MetalBarcode Software LLC’s $1 Ya Mapped 1.0 works similarly to GeoNumbers and Here I Am, but offers a couple unique features. The first is the ability to bookmark your location. So, for example, if you want a friend to meet you at your current location, but at a later time—or even on a different day—you can bookmark that location and then send an link to it at any time, even if you’re no longer there. (You can also use this feature, as I did, to add a bookmark for your home so you can quickly send that location to future visitors.) Ya Mapped also includes a Preview Map button that switches to the Maps application and displays the surveyed position.
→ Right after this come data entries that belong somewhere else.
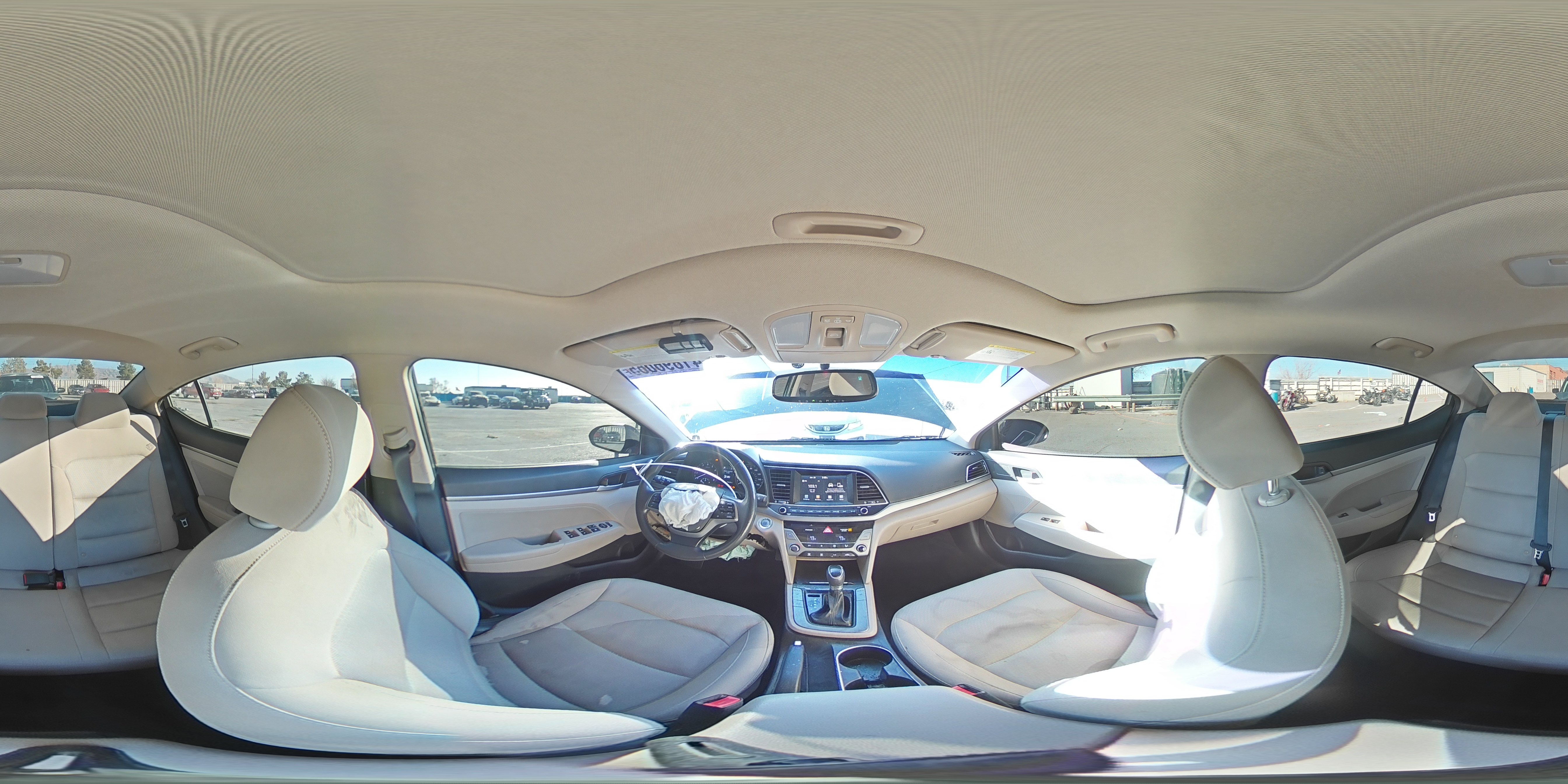 2018 Hyundai Elantra - Image 13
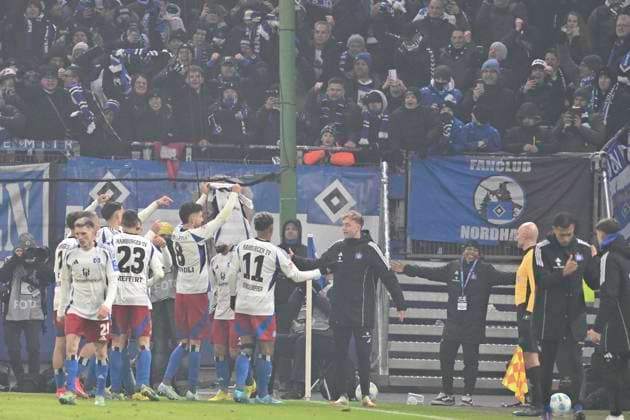 GER; 2. FBL,, Hamburger SV vs 1.FC Koeln 18.01.2025, Volksparkstadion, Hamburg, GER; 2. FBL, Hamburger SV vs 1.FC Koeln im Bild Feature Torhueter Marvin Schwaebe (Schwäbe Koeln 01) haelt den Elfmeterschuss von Ransford-Yeboah Koenigsdoeffer (Königsdörffer Hamburg 11) Ransford-Yeboah Koenigsdoeffer (Königsdörffer Hamburg 11) schiesst dann doch noch das Tor zum 1-0 fuer Hamburg und jubelt mit der Mannschaft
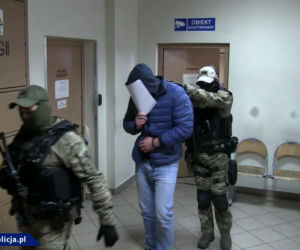 CBŚP i antyterroryści aresztowali siedmiu pseudokibiców Cracovii. Sprawa dotyczy rozprowadzania narkotyków po całej Europie [ZDJĘCIA]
Unfortunately, when you return to Ya Mapped, it re-determines your location, which, thanks to the vagaries of GPS, could be slightly different than the original measurement. A better approach is, as I mentioned above, to just check Maps to begin with.
Ya Mapped emails are created with a blank subject line and the simplest message body of any of the apps: a Google Maps link called Location details.
My favorite of the six apps was Decisive Tactics Inc.’s $1 Breadcrumbs 1.0.1. Like the others, it shows the currently-determined coordinates, along with the current level of accuracy; when you’re satisfied with the accuracy, you tap Send Position. But Breadcrumbs also displays an icon indicating whether or not you’ve got a solid GPS signal—useful so you don’t sit there waiting for a good position reading when GPS isn’t available. It also has the best interface of the lot, in my opinion. Finally, while Breadcrumbs’ email subjects are simply My position, it creates the most-informative messages: the body of each message includes the Google Maps URL, the date and time the position was taken, the accuracy of the coordinates, and a useful warning to the recipient that GPS is sometimes inaccurate.
As a final note, there’s one minor drawback to all these apps when sending to someone else with an iPhone: clicking on a Google Maps URL in Mail opens that position in the Maps app, but the resulting view—what you see when Maps opens—is often somewhere halfway around the world. The solution is to zoom way, way, way out, scroll to the correct continent (you’ll see the red map pin for the location), and then zoom in. This is apparently a bug in Maps itself, so we’ll have to wait for Apple to fix it.
Update 8/21/2008, 9:30am It turns out I missed one: Exploding Orange’s $1
IAmHere. IAmHere lets you add a default note to its email messages and choose the default send-to email address; you can also edit the actual email template. The app lets you wait until you get an acceptably-accurate reading, displaying the current accuracy on the screen. However, IAmHere doesn’t display the actual coordinates of your location; those are visible only in the resulting email message. I didn’t like IAmHere as much as I did Breadcrumbs or Ya Mapped, but it’s a solid app in the same range as GeoNumbers.